• _SUPPLIED DATA_:
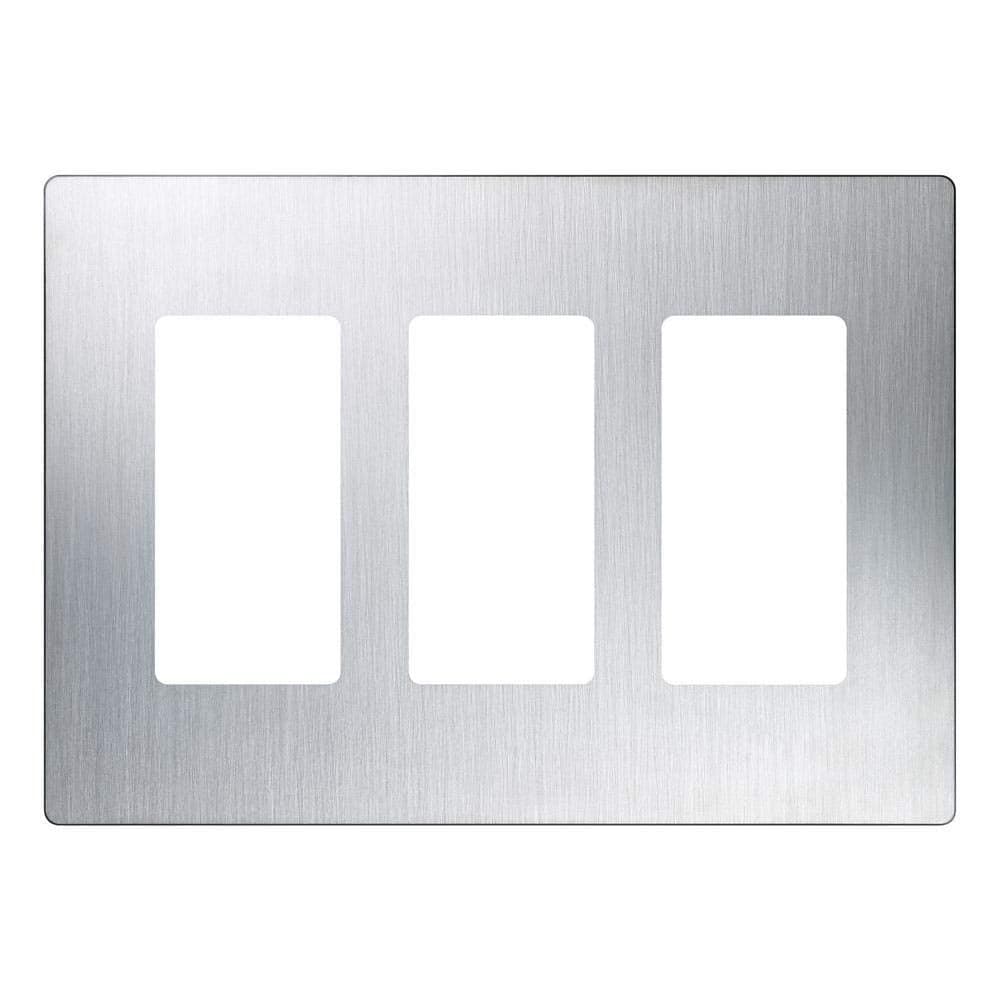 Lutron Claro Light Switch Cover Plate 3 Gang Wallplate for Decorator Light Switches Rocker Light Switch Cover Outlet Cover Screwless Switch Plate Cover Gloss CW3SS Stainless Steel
==
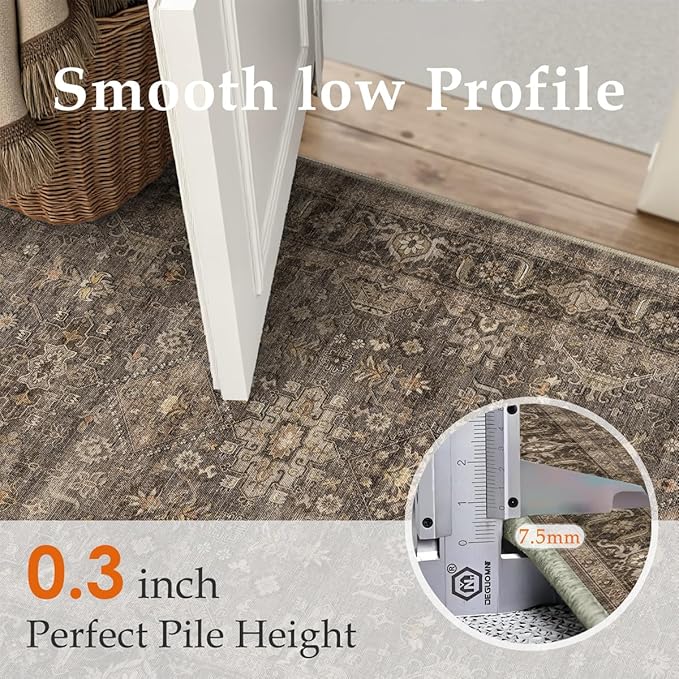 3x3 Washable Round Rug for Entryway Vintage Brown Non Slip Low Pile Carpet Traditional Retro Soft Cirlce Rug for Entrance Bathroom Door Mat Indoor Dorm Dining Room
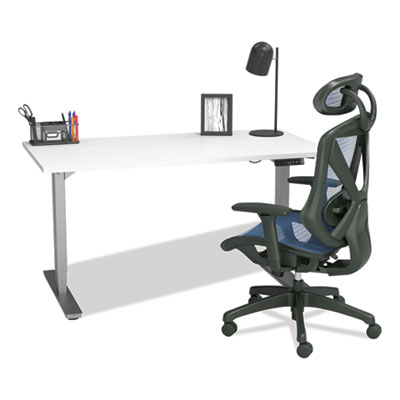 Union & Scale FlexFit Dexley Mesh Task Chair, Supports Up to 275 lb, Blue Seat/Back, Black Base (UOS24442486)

• _TASK ITEM_: Leave the pictures out. Output, exactly, the lines of the material above starting at the line containing "3x3 Washable Round" and ending at the line containing "Union & Scale".

• _SOLUTION FOR THIS TASK_:
 3x3 Washable Round Rug for Entryway Vintage Brown Non Slip Low Pile Carpet Traditional Retro Soft Cirlce Rug for Entrance Bathroom Door Mat Indoor Dorm Dining Room
 Union & Scale FlexFit Dexley Mesh Task Chair, Supports Up to 275 lb, Blue Seat/Back, Black Base (UOS24442486)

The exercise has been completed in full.